In this exercise, set down every entry that follows exactly as it appears.

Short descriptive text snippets
-- Opening Marker --
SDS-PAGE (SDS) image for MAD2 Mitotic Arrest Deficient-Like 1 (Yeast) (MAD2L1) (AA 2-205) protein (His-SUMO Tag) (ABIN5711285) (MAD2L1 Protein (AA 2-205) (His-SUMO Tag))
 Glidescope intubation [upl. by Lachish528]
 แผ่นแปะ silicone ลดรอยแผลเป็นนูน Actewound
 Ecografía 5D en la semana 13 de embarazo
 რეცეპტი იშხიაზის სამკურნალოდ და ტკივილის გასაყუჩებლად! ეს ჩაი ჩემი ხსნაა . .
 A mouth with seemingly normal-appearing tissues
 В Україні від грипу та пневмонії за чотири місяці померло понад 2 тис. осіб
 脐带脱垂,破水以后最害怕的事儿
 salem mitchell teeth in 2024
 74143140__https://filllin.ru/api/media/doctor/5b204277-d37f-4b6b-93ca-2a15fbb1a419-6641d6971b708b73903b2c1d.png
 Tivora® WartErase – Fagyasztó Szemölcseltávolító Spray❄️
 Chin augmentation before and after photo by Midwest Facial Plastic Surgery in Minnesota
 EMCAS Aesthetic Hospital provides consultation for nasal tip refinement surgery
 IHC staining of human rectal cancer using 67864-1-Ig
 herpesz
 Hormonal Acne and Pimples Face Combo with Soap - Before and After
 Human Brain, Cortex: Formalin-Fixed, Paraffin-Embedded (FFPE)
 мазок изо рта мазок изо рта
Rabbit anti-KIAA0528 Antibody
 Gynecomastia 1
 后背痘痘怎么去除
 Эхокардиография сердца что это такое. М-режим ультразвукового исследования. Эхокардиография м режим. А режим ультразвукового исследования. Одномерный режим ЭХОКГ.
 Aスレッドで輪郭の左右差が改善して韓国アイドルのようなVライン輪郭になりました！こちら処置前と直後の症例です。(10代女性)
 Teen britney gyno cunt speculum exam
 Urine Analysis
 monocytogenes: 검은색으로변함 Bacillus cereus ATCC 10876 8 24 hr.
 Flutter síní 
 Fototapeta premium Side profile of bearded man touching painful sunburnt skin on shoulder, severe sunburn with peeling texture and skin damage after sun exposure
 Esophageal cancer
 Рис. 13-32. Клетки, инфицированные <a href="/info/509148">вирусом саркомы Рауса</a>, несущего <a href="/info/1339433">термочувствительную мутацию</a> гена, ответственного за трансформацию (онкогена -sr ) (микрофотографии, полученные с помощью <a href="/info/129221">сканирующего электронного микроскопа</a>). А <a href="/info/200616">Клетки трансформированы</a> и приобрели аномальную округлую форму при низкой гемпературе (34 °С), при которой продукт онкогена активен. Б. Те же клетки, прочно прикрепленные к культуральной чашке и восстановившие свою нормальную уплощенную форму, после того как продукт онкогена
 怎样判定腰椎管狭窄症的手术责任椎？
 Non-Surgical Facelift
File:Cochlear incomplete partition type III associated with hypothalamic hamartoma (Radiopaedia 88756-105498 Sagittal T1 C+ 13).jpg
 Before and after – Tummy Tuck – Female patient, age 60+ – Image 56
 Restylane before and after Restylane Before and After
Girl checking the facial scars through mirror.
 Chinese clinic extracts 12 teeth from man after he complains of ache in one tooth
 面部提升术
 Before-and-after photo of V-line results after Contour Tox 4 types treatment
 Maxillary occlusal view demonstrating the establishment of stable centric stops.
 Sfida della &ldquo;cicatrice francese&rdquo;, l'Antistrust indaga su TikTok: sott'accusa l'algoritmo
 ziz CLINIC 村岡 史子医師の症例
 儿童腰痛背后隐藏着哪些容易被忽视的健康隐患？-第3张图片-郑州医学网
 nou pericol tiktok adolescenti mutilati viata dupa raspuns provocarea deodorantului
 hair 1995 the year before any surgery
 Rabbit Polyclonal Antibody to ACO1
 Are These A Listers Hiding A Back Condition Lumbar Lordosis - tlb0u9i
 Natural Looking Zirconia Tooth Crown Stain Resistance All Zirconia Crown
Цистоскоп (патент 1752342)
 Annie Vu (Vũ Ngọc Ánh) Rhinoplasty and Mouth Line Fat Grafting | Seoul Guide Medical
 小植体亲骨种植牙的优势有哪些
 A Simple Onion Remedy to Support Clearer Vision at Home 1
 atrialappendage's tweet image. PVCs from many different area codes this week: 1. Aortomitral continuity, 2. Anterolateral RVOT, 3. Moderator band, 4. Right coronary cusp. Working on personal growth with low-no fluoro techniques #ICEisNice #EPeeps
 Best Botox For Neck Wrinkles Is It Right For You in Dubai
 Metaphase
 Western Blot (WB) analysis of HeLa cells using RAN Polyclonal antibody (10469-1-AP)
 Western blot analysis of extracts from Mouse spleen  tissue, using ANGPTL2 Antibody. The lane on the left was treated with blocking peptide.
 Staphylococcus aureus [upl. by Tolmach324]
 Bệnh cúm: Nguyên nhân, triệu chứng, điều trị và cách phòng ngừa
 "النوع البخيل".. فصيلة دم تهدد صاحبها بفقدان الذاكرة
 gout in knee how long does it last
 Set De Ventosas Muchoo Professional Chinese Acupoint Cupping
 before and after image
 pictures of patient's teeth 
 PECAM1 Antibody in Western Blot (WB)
-- Closing Marker --
• _TASK RESPONSE_:
SDS-PAGE (SDS) image for MAD2 Mitotic Arrest Deficient-Like 1 (Yeast) (MAD2L1) (AA 2-205) protein (His-SUMO Tag) (ABIN5711285) (MAD2L1 Protein (AA 2-205) (His-SUMO Tag))
 Glidescope intubation [upl. by Lachish528]
 แผ่นแปะ silicone ลดรอยแผลเป็นนูน Actewound
 Ecografía 5D en la semana 13 de embarazo
 რეცეპტი იშხიაზის სამკურნალოდ და ტკივილის გასაყუჩებლად! ეს ჩაი ჩემი ხსნაა . .
 A mouth with seemingly normal-appearing tissues
 В Україні від грипу та пневмонії за чотири місяці померло понад 2 тис. осіб
 脐带脱垂,破水以后最害怕的事儿
 salem mitchell teeth in 2024
 74143140__https://filllin.ru/api/media/doctor/5b204277-d37f-4b6b-93ca-2a15fbb1a419-6641d6971b708b73903b2c1d.png
 Tivora® WartErase – Fagyasztó Szemölcseltávolító Spray❄️
 Chin augmentation before and after photo by Midwest Facial Plastic Surgery in Minnesota
 EMCAS Aesthetic Hospital provides consultation for nasal tip refinement surgery
 IHC staining of human rectal cancer using 67864-1-Ig
 herpesz
 Hormonal Acne and Pimples Face Combo with Soap - Before and After
 Human Brain, Cortex: Formalin-Fixed, Paraffin-Embedded (FFPE)
 мазок изо рта мазок изо рта
Rabbit anti-KIAA0528 Antibody
 Gynecomastia 1
 后背痘痘怎么去除
 Эхокардиография сердца что это такое. М-режим ультразвукового исследования. Эхокардиография м режим. А режим ультразвукового исследования. Одномерный режим ЭХОКГ.
 Aスレッドで輪郭の左右差が改善して韓国アイドルのようなVライン輪郭になりました！こちら処置前と直後の症例です。(10代女性)
 Teen britney gyno cunt speculum exam
 Urine Analysis
 monocytogenes: 검은색으로변함 Bacillus cereus ATCC 10876 8 24 hr.
 Flutter síní 
 Fototapeta premium Side profile of bearded man touching painful sunburnt skin on shoulder, severe sunburn with peeling texture and skin damage after sun exposure
 Esophageal cancer
 Рис. 13-32. Клетки, инфицированные <a href="/info/509148">вирусом саркомы Рауса</a>, несущего <a href="/info/1339433">термочувствительную мутацию</a> гена, ответственного за трансформацию (онкогена -sr ) (микрофотографии, полученные с помощью <a href="/info/129221">сканирующего электронного микроскопа</a>). А <a href="/info/200616">Клетки трансформированы</a> и приобрели аномальную округлую форму при низкой гемпературе (34 °С), при которой продукт онкогена активен. Б. Те же клетки, прочно прикрепленные к культуральной чашке и восстановившие свою нормальную уплощенную форму, после того как продукт онкогена
 怎样判定腰椎管狭窄症的手术责任椎？
 Non-Surgical Facelift
File:Cochlear incomplete partition type III associated with hypothalamic hamartoma (Radiopaedia 88756-105498 Sagittal T1 C+ 13).jpg
 Before and after – Tummy Tuck – Female patient, age 60+ – Image 56
 Restylane before and after Restylane Before and After
Girl checking the facial scars through mirror.
 Chinese clinic extracts 12 teeth from man after he complains of ache in one tooth
 面部提升术
 Before-and-after photo of V-line results after Contour Tox 4 types treatment
 Maxillary occlusal view demonstrating the establishment of stable centric stops.
 Sfida della &ldquo;cicatrice francese&rdquo;, l'Antistrust indaga su TikTok: sott'accusa l'algoritmo
 ziz CLINIC 村岡 史子医師の症例
 儿童腰痛背后隐藏着哪些容易被忽视的健康隐患？-第3张图片-郑州医学网
 nou pericol tiktok adolescenti mutilati viata dupa raspuns provocarea deodorantului
 hair 1995 the year before any surgery
 Rabbit Polyclonal Antibody to ACO1
 Are These A Listers Hiding A Back Condition Lumbar Lordosis - tlb0u9i
 Natural Looking Zirconia Tooth Crown Stain Resistance All Zirconia Crown
Цистоскоп (патент 1752342)
 Annie Vu (Vũ Ngọc Ánh) Rhinoplasty and Mouth Line Fat Grafting | Seoul Guide Medical
 小植体亲骨种植牙的优势有哪些
 A Simple Onion Remedy to Support Clearer Vision at Home 1
 atrialappendage's tweet image. PVCs from many different area codes this week: 1. Aortomitral continuity, 2. Anterolateral RVOT, 3. Moderator band, 4. Right coronary cusp. Working on personal growth with low-no fluoro techniques #ICEisNice #EPeeps
 Best Botox For Neck Wrinkles Is It Right For You in Dubai
 Metaphase
 Western Blot (WB) analysis of HeLa cells using RAN Polyclonal antibody (10469-1-AP)
 Western blot analysis of extracts from Mouse spleen  tissue, using ANGPTL2 Antibody. The lane on the left was treated with blocking peptide.
 Staphylococcus aureus [upl. by Tolmach324]
 Bệnh cúm: Nguyên nhân, triệu chứng, điều trị và cách phòng ngừa
 "النوع البخيل".. فصيلة دم تهدد صاحبها بفقدان الذاكرة
 gout in knee how long does it last
 Set De Ventosas Muchoo Professional Chinese Acupoint Cupping
 before and after image
 pictures of patient's teeth 
 PECAM1 Antibody in Western Blot (WB)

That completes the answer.